Consider whether your AWS cloud architecture is being built for a short-term purpose, wherein you can implement vertical scaling. Else, you will need to distribute your workload to multiple resources to build internet-scale applications by scaling horizontally. Either way, your AWS cloud architecture should be elastic enough to adapt to the demands of cloud computing.
Also, knowing when to engage stateless applications, stateful applications, stateless components and distributed processing, makes your cloud very effective in its storage.
Treat servers as disposable resources
One of the biggest advantages of cloud computing is that you can treat your servers as disposable resources instead of fixed components. However, resources should always be consistent and tested. One way to enable this is to implement the immutable infrastructure pattern, which enables you to replace the server with one that has the latest configuration instead of updating the old server.
It is important to keep the configuration and coding as an automated and repeatable process, either when deploying resources to new environments or increasing the capacity of the existing system to cope with extra load. AWS Bootstrapping, AWS Golden Images or a Hybrid of the two will help you keep the process automated and repeatable without any human errors.
Bootstrapping can be executed after launching an AWS resource with default configuration. This will let you reuse the same scripts without modifications.
But in comparison, the Golden Image approach results in faster start times and removes dependencies to configuration services or third-party repositories.
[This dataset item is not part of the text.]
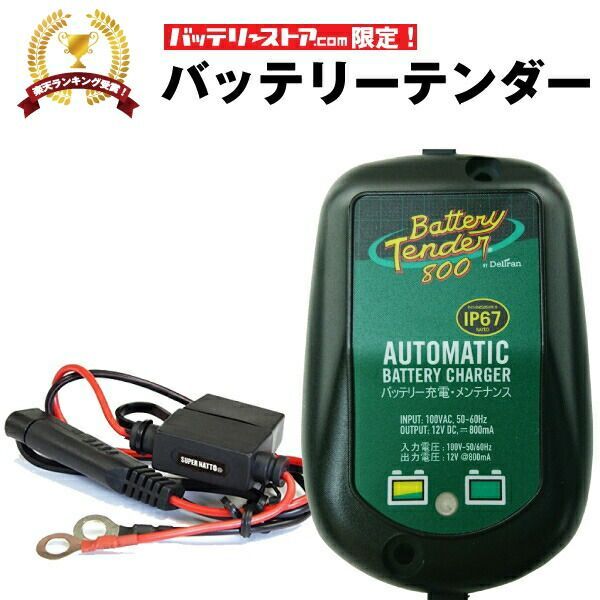 バッテリーテンダー800＋車両ケーブル スーパーナット ハーレー対応 Deltran Battery Tender フロート充電機能でフル充電を維持 12V用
Certain AWS resource types like Amazon EC2 instances, Amazon RDS DB instances, Amazon Elastic Block Store (Amazon EBS) volumes, etc., can be launched from a golden image.
When suitable, use a combination of the two approaches, where
some parts of the configuration get captured in a golden image,
while others are configured dynamically through a bootstrapping
action.
Not to be limited to the individual resource level, you can apply
techniques, practices, and tools from software development to make
your whole infrastructure reusable, maintainable, extensible, and
testable.
Automate Automate Automate
Unlike traditional IT infrastructure, Cloud enables automation of a number of events, improving both your system’s stability and the efficiency of your organization. Some of the AWS resources you can use to get automated are:
As an architect for the AWS Cloud, these automation resources are a great advantage to work with.
Implement loose coupling
IT systems should ideally be designed in a way that reduces inter-dependencies. Your components need to be loosely coupled to avoid changes or failure in one of the components from affecting others.
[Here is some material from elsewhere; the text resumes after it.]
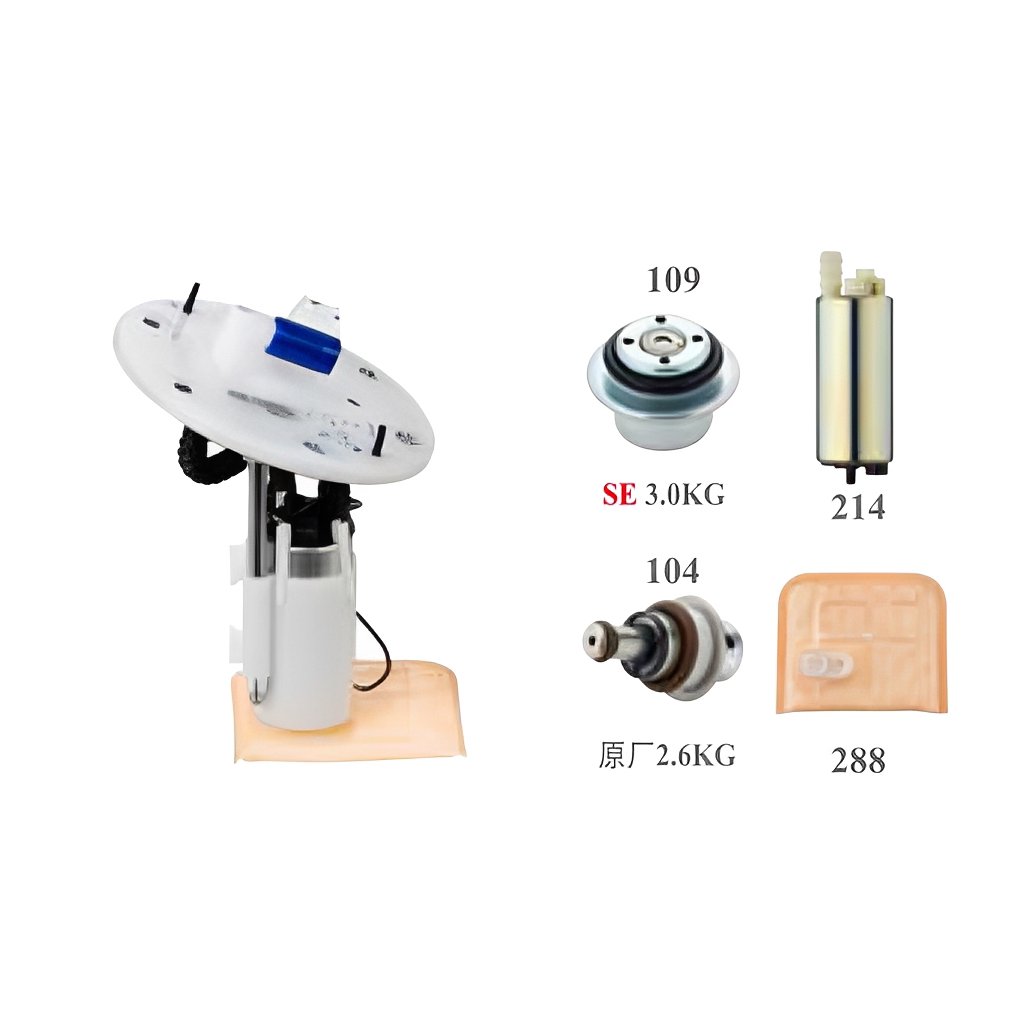 SE33_KYMCO 金得意/(得意100/JR100)須用轉接線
Your infrastructure also needs to have well defined interfaces that allow the various components to interact with each other only through specific, technology-agnostic interfaces. Modifying any underlying operations without affecting other components should be made possible.
In addition, by implementing service discovery, smaller services can be consumed without prior knowledge of their network topology details through loose coupling. This way, new resources can be launched or terminated at any point of time.
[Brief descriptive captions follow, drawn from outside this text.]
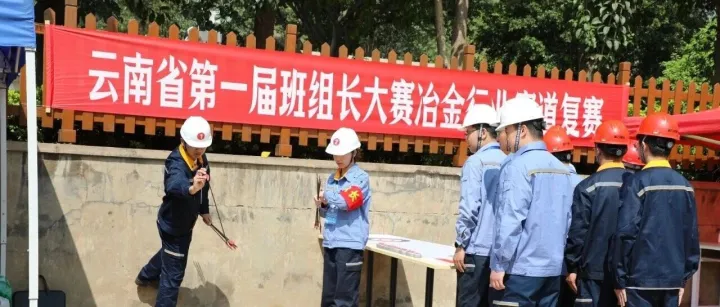 云南省第一届班组长大赛冶金行业赛道复赛圆满落幕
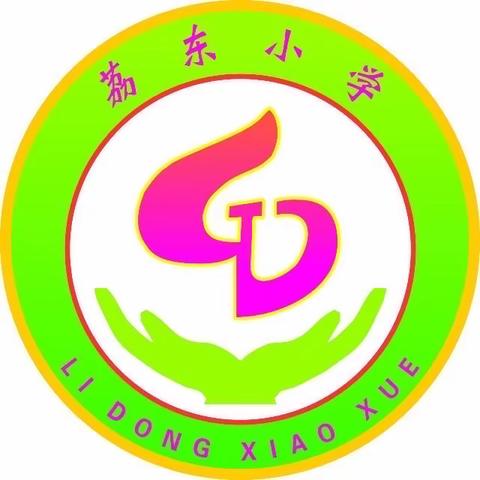 【荔小·师培】提升自我 创新课堂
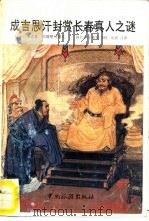 成吉思汗封赏长春真人之谜  长春真人西游记，玄风庆会录（1988 PDF版）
Loose coupling between services can also be done through asynchronous integration. It involves one component that generates events and another that consumes them. The two components do not integrate through direct point-to-point interaction, but usually through an intermediate durable storage layer. This approach decouples the two components and introduces additional resiliency. So, for example, if a process that is reading messages from the queue fails, messages can still be added to the queue to be processed when the system recovers.
Lastly, building applications in such a way that they handle component failure in a graceful manner helps you reduce impact on the end users and increase your ability to make progress on your offline procedures.
Focus on services, not servers
A wide variety of underlying technology components are required to develop manage and operate applications. Your AWS cloud architecture should leverage a broad set of compute, storage, database, analytics, application, and deployment services. On AWS, there are two ways to do that. The first is through managed services that include databases, machine learning, analytics, queuing, search, email, notifications, and more. For example, with the Amazon Simple Queue Service (Amazon SQS) you can offload the administrative burden of operating and scaling a highly available messaging cluster, while paying a low price for only what you use. Not only that, Amazon SQS is inherently scalable.
The second way is to reduce the operational complexity of running applications through server-less architectures. It is possible to build both event-driven and synchronous services for mobile, web, analytics, and the Internet of Things (IoT) without managing any server infrastructure.